SACRAMENTO, Calif. (AP)—If you believed Kobe Bryant, the Sacramento Kings played the best defense he’s ever seen. If you believed Shaquille O’Neal, the referees were completely responsible for the Kings’ biggest win of the season.
And if you believed your eyes, the Kings’ 102-85 victory over the Los Angeles Lakers on Sunday was baffling—both because of Sacramento’s abrupt turnaround and Bryant’s bizarre one-shot performance in the first half.
Chris Webber had 25 points and 12 rebounds, Doug Christie added 21 points to his superb defense and the Kings halted their late-season skid with a dominant outing against their archrivals. Sacramento needs just one more win or one Lakers loss to clinch its third straight Pacific Division title and the playoffs’ second seed.
“Statement? We’ve been together for so long that we don’t need statements,” Webber said.
Mike Bibby had 15 points and eight assists for Sacramento (55-25), which took a one-game lead over the Lakers (54-26) with two to play by winning for just the fourth time in 10 games. The Kings played with more desperation and passion than they’ve shown in the seven weeks since Webber’s comeback from knee surgery.

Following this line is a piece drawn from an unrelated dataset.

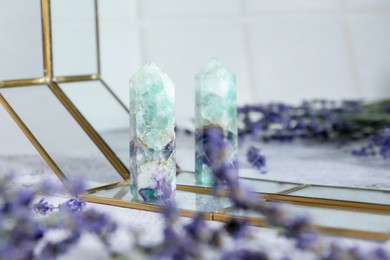 Photo of Aura. Beautiful fluorite and lavender on white table, closeup. Space for text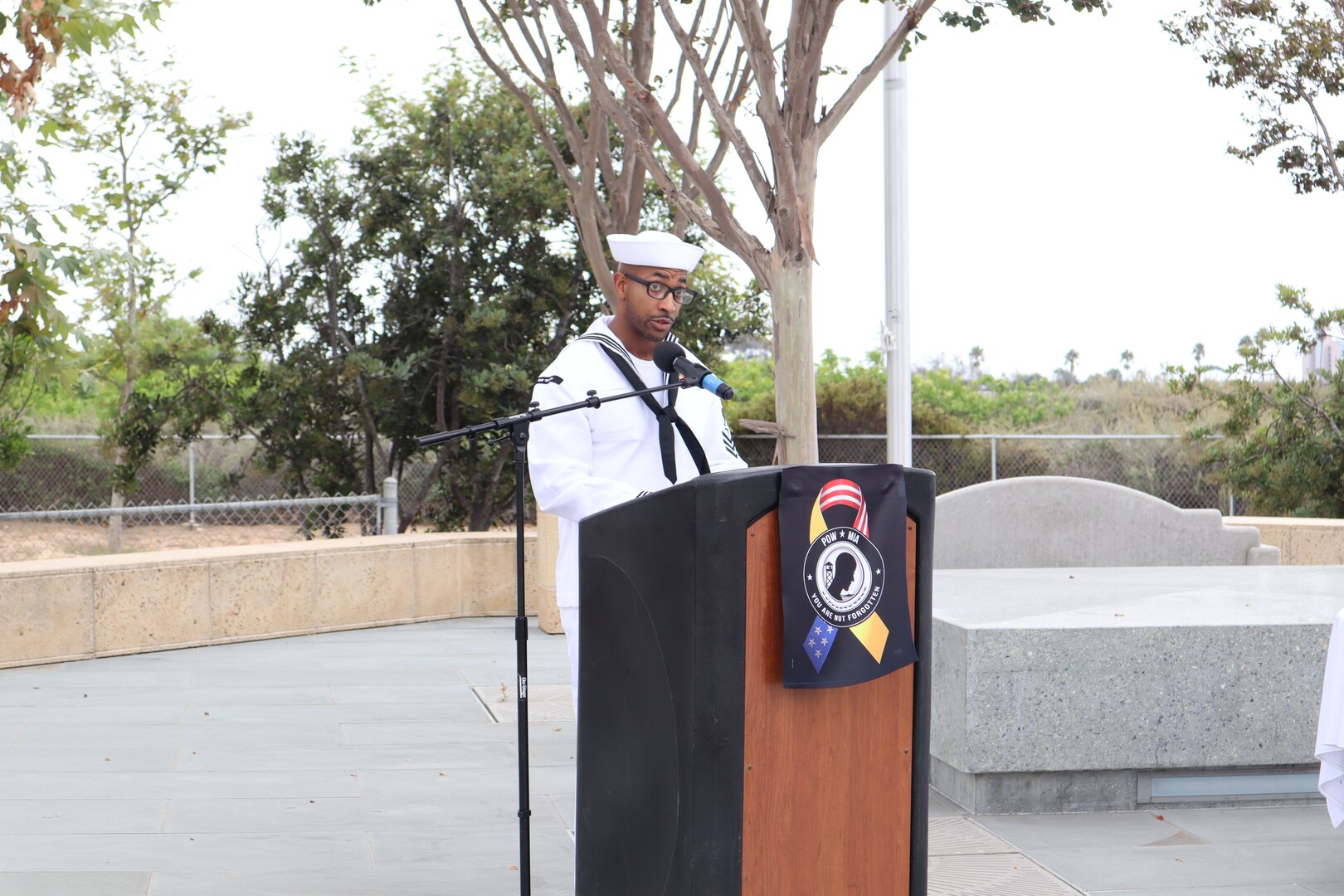 Hospital Corpsman 1st Class Trayvious Wilson, the Leading Petty Officer for the Naval Hospital Camp Pendleton Pharmacy, member of Expeditionary Medical Facility 150 Alpha, and member of the First Class Petty Officer Association, participates in the command POW / MIA Recognition Day ceremony on September 15, 2023.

But even in a defeat that probably relegated them to the fourth seed, the Lakers still stole the spotlight with another unique controversy.
Bryant, the NBA’s fourth-leading scorer, took just one shot while playing 21 minutes in the first half. He passed up open looks, allowed Christie to bully him and didn’t play his usual aggressive game until the third quarter, when the Lakers were 21 points behind.
After finishing with eight points on 3-of-13 shooting, Bryant insisted he wasn’t avoiding shots—even though that seemed obvious to everybody else at Arco Arena. His lone first-half shot was a missed 3-pointer when the shot clock was winding down midway through the second quarter.
He did another strange thing afterward: He praised the Kings’ defense, which has been among the NBA’s worst this season.
“They doubled me every time I touched the ball,” said Bryant, who scored at least 34 points in each of his last five games against Sacramento. “So I just moved the ball, waiting for the game to kind of open up. I’ve done that before when teams have doubled me.
“They did a great job. They played very well. (Kings coach Rick) Adelman had an excellent game plan for them. If we see them again, we’ll figure out what to do to counterattack them.”
Bryant’s reticence might have been a response to coach Phil Jackson’s recent criticism of the superstar’s game. Jackson said the Lakers frequently suffer when Bryant concentrates solely on driving and scoring. Jackson wasn’t making any guesses, refusing to take reporters’ questions after the game.
“I’ve never seen Kobe take just (one shot),” Payton said. “I don’t think any of us came to play, and this is the outcome that happened.”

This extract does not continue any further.